A: Thank you for bringing up the important topic of an empirical comparison with existing approaches. As you mention, the ability of GXMFGs to work with sparse realistic graphs can be seen as a major conceptual advantage over existing approaches such as GMFGs and LPGMFGs. We agree that there should be an empirical comparison complementing the discussion on conceptual differences in the first version of the paper. Thus, we have added an empirical comparison of GXMFGs and LPGMFGs on the eight real world networks and three tasks from the first paper version. Due to space constraints, we mention this new comparison in the main text and provide detailed results in the appendix, see Table 3 and the corresponding discussion at the end of the Appendix of the updated paper. The empirical comparison does not include GMFGs because they can be seen as a subclass of LPGMFGs and therefore will not yield better results than the LPGMFG framework.

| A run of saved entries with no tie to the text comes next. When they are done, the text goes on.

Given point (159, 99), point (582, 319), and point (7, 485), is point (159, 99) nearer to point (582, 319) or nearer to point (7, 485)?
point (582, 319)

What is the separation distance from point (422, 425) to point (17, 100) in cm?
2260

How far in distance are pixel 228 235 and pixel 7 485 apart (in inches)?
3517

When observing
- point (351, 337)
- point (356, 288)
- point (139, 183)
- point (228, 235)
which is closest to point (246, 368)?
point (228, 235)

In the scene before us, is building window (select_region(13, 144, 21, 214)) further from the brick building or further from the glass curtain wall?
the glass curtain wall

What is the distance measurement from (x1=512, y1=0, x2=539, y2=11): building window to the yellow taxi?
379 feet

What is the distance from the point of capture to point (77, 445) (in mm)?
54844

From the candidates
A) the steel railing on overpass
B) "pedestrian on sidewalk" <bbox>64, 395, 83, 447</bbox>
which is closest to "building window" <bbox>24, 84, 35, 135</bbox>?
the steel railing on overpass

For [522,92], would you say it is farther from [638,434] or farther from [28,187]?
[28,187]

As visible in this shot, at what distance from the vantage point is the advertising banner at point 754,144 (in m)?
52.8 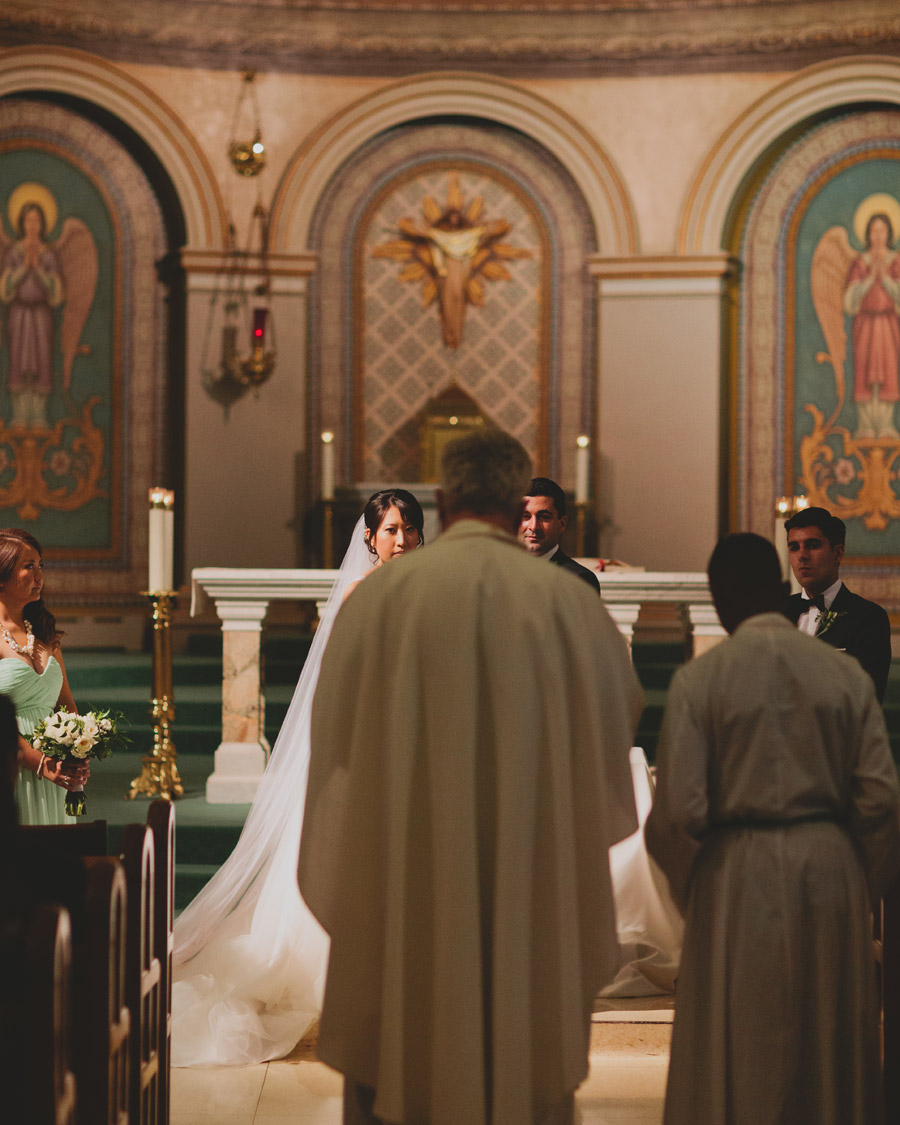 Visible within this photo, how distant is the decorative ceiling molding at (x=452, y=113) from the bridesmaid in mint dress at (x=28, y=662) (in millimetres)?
5305

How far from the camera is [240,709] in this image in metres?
5.52

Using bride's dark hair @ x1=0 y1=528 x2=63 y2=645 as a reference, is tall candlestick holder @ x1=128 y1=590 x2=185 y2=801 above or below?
below

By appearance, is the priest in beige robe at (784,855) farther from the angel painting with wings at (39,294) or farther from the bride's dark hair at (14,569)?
the angel painting with wings at (39,294)

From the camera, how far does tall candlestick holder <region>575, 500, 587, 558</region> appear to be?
344 inches

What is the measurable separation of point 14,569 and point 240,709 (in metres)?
1.54

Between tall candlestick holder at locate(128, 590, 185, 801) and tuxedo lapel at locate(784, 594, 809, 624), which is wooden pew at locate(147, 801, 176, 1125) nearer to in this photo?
tuxedo lapel at locate(784, 594, 809, 624)

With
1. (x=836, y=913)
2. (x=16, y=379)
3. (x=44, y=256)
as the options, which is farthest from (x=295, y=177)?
(x=836, y=913)

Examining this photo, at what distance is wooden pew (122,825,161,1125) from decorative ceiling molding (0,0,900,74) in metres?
7.35

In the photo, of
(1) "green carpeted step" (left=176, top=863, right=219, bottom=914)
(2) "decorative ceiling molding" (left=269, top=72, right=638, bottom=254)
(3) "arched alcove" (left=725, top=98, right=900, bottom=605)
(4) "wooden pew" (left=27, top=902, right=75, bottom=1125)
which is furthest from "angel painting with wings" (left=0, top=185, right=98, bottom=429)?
(4) "wooden pew" (left=27, top=902, right=75, bottom=1125)

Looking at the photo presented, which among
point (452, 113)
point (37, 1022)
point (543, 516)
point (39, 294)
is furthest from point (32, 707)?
point (452, 113)

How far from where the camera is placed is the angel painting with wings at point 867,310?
9.15 metres

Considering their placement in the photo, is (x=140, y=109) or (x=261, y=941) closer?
(x=261, y=941)

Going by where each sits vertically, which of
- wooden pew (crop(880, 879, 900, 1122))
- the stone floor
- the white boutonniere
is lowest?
the stone floor

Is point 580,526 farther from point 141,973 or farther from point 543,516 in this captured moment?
point 141,973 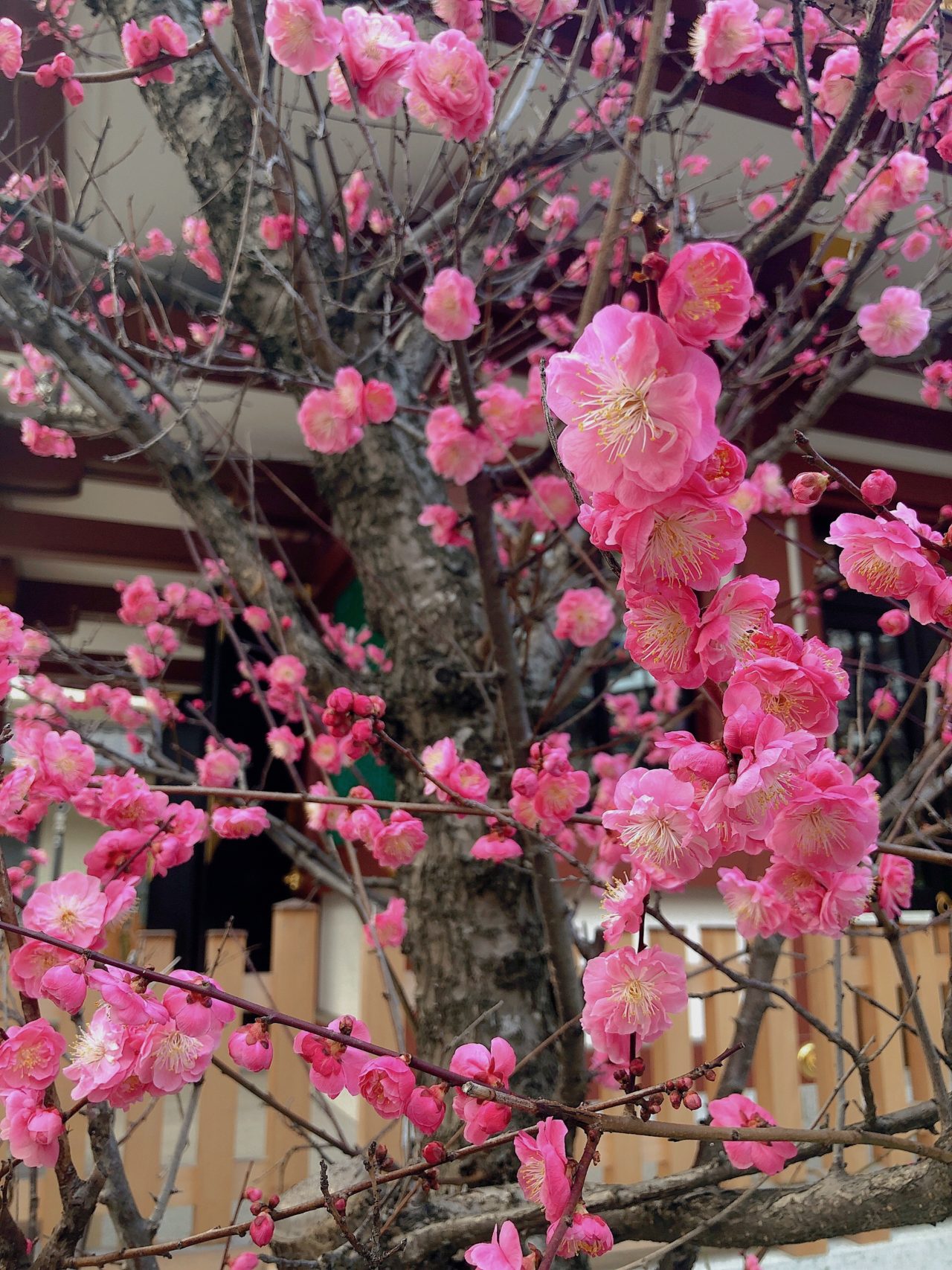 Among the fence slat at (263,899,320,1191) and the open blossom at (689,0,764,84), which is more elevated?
the open blossom at (689,0,764,84)

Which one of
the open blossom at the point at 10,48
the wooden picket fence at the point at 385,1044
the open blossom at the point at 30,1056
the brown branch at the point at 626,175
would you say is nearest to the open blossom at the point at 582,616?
the wooden picket fence at the point at 385,1044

Since LPGMFGs are not able to depict finite degree agents in the limiting model, all agents in the LPGMFG simulation follow the policy learned for infinite degree agents. The overall result of Table 3 is that our hybrid graphex learning approach clearly outperforms LPGMFGs across all networks and tasks. On some networks and tasks, the improvement is considerable but relatively moderate, for example on Prosper RS (error of 2.80 for LPGMFG vs. 1.58 in GXMFG). On other problems, our approach yields results that are many times better than those of the LPGMFG framework, such as Flickr SIS (16.90 vs. 3.57), Brightkite RS (14.69 vs. 3.37), and Hyves SIR (39.94 vs. 10.06). Thus, the empirical results provide strong evidence that the conceptual advantages of GXMFGs also yield a remarkably better empirical performance compared to previous methods such as LPGMFGs. For more details, please see the updated paper.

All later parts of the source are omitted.